Serving large language models under latency service-level objectives (SLOs) is a configuration-heavy systems problem with an unusually failure-prone search space: many plausible configurations crash outright or miss user-visible latency targets, and standard black-box optimizers treat these failures as wasted trials. We present SLO-Guard, a crash-aware autotuner for vLLM serving that treats crashes as first-class observations. SLO-Guard combines a feasible-first Thermal Budget Annealing (TBA) exploration phase with a warm-started Tree-structured Parzen Estimator (TPE) exploitation phase; the handoff replays all exploration history, including crashes encoded as extreme constraint violations. We additionally contribute a configuration-repair pass, a GPU-aware KV-cache memory guard, and a four-category crash taxonomy. We evaluate SLO-Guard on Qwen2-1.5B served with vLLM 0.19 on an NVIDIA A100 40GB. Across a pre-specified five-seed study, both SLO-Guard and uniform random search attain 75/75 feasibility with zero crashes under the corrected concurrent harness, and are statistically tied on best-achieved latency (Mann-Whitney two-sided p=0.84). SLO-Guard's advantage is in budget consistency: more trials in the fast-serving regime (10.20 vs. 7.40 out of 15; one-sided p=0.014) and higher post-handoff consistency (0.876 vs. 0.539; p=0.010). Under concurrent load, SLO-Guard's cross-seed standard deviation on best latency is 4.4x tighter than random search's (2.26 ms vs. 10.00 ms). A harness-replication analysis shows that the consistency findings survive an independent sequential-dispatch measurement condition. The central claim is not that SLO-Guard finds a better final configuration, but that it spends a fixed tuning budget more predictably once the fast regime has been found.

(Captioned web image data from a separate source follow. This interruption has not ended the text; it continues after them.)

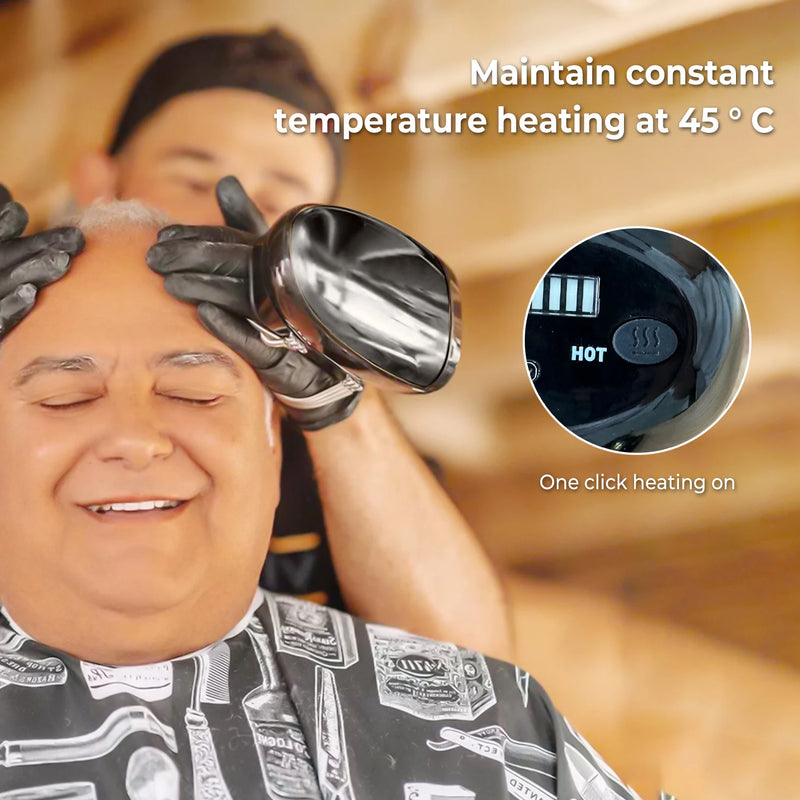 cordless handheld vibration and heat massager, view 6 - MRSLM
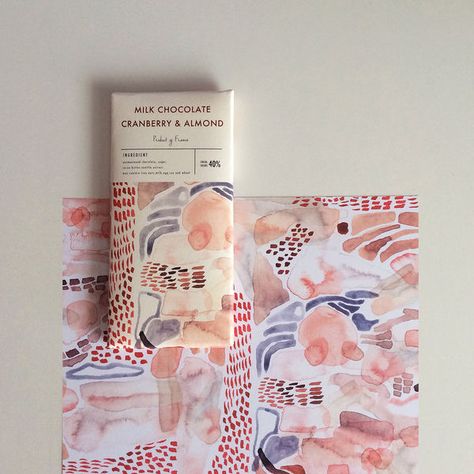 Watercolor Packaging Design, Watercolor Chocolate, Watercolor Packaging, Soap Packaging Design, Chocolate Packaging Design, Candy Packaging, Simple Packaging, Chocolate Wrappers, Branding Design Packaging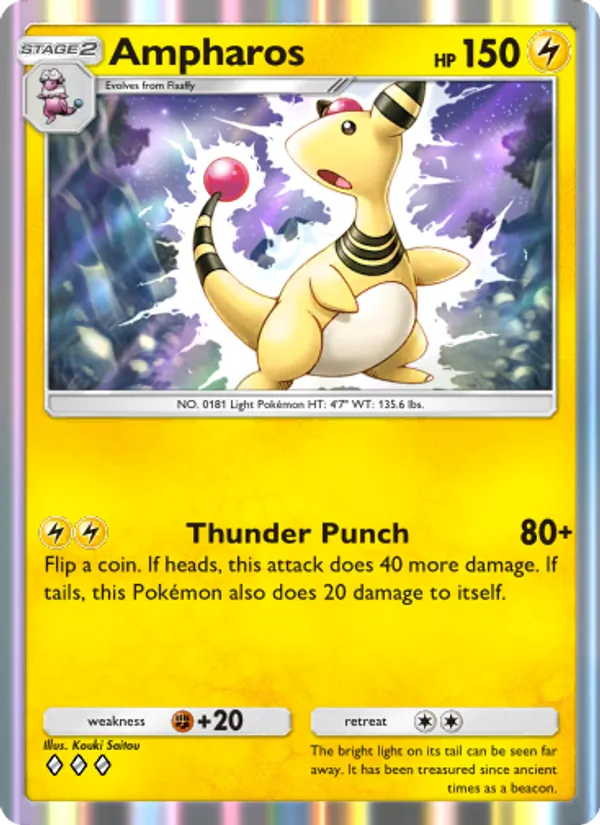Ampharos — Wisdom of Sea and Sky #069 (Pokémon TCG card)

翻译：在延迟服务等级目标约束下部署大型语言模型是一个配置密集型的系统问题，其搜索空间极易引发故障：许多看似合理的配置直接崩溃或无法达到用户可见的延迟目标，而标准黑盒优化器将这些失败视为无效尝试。我们提出SLO-Guard——一种面向vLLM服务的崩溃感知自动调优器，将崩溃视为一等观测事件。SLO-Guard结合了可行优先的热预算退火探索阶段和热启动的树结构Parzen估计器利用阶段，切换时重放所有探索历史，包括编码为极端约束违反的崩溃。此外，我们贡献了配置修复流程、GPU感知的KV缓存内存保护机制以及四类崩溃分类体系。我们基于NVIDIA A100 40GB平台，对搭载vLLM 0.19的Qwen2-1.5B模型评估SLO-Guard。在预指定的五种子实验研究中，SLO-Guard与均匀随机搜索在修正后的并发测试工具下均实现75/75可行性且零崩溃，并在最佳延迟表现上统计持平。SLO-Guard的优势在于预算一致性：在快速服务区间内获得更多试验次数（15次中10.20次对比7.40次，单侧p=0.014）及更高的切换后一致性（0.876对比0.539，p=0.010）。在并发负载下，SLO-Guard最佳延迟的跨种子标准差比随机搜索紧致4.4倍（2.26毫秒对比10.00毫秒）。测试工具复现分析表明，该一致性结论在独立顺序调度测量条件下依然成立。核心主张并非SLO-Guard能找到更优的最终配置，而是其在发现快速区间后能更可预测地消耗固定调优预算。